E os que prenderam a Jesus, o trouxeram a Caifás, o sumo pontifice, aonde os escribas e os anciãos estavam congregados.
E Pedro o seguia de longe, até à sala do sumo pontífice; e entrando dentro, assentou-se com os criados, para ver o fim.
E os príncipes dos sacerdotes, e os anciãos, e todo o concílio, buscavam algum falso testemunho contra Jesus, para o poderem matar, e não o achavam.
E ainda que muitas falsas testemunhas se apresentavam, contudo não o achavam.
Mas por derradeiro vieram duas falsas testemunhas, e disseram: Este disse: Eu posso derrubar o Templo de Deus, e edificá-lo em três dias.
E levantando-se o sumo pontífice, disse-lhe: Não respondes nada? que testificam estes contra ti?
Porém Jesus calava. E respondendo o sumo pontífice, disse-lhe: esconjuro[4]-te pelo Deus vivente, que nos digas, se tu és o Cristo, o Filho de Deus?

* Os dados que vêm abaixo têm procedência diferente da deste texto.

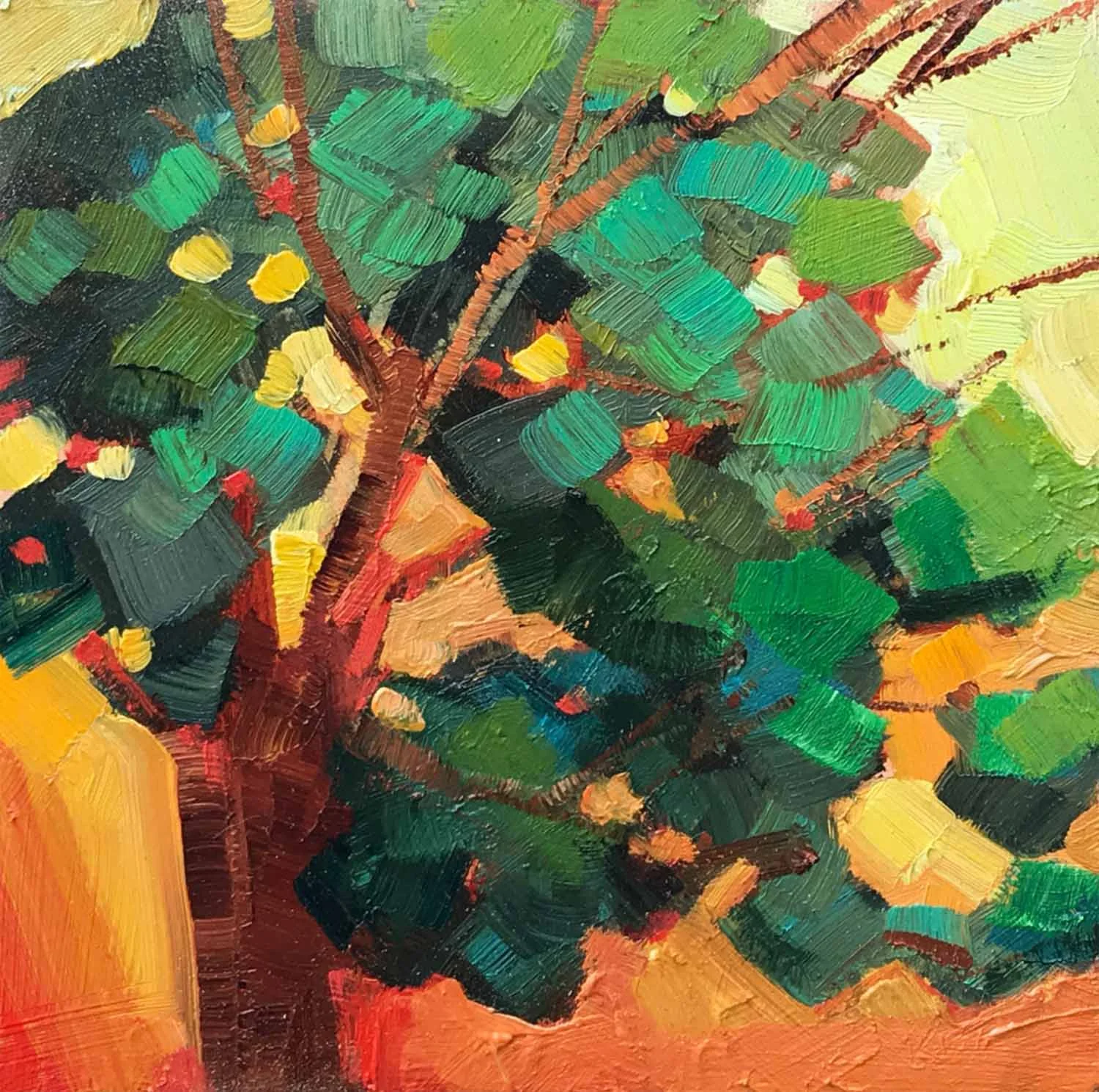 Pacific Madrone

Jesus lhe disse: Tu o disseste. Porém digo-vos, que desde agora vereis ao Filho do homem, assentado à mão direita da potência de Deus, e vindo nas nuvens do céu.
Então o sumo pontífice rasgou seus vestidos, dizendo: Blasfemou, que mais necessitamos de testemunhas? vedes aqui agora ouvistes sua blasfêmia.
Que vos parece? e respondendo eles, disseram: Culpado é de morte.
Então lhe cuspiram no rosto, e lhe deram de punhadas[5].
E outros lhe davam de bofetadas, dizendo: Profetiza-nos, ó Cristo, quem é o que te feriu?
E Pedro estava assentado fora na sala; e chegou-se a ele uma criada, dizendo: também tu estavas com Jesus o Galileu.
Mas ele o negou diante de todos, dizendo: não sei o que dizes.
E saindo à anteporta, viu-o outra, e disse aos que ali estavam: também este estava com Jesus o Nazareno.
E negou-o outra vez com juramento, dizendo: Não conheço a esse homem.
E dali a um pouco, chegando aos que ali estavam, disseram a Pedro: Verdadeiramente também tu és deles; porque tua fala te manifesta.
Então se começou ele a amaldiçoar, e a jurar, dizendo, não conheço a esse homem.
E logo o galo cantou. E lembrou-se Pedro da palavra de Jesus, que lhe dissera: Antes que o galo cante, me negarás três vezes. E saindo-se para fora, chorou amargosamente.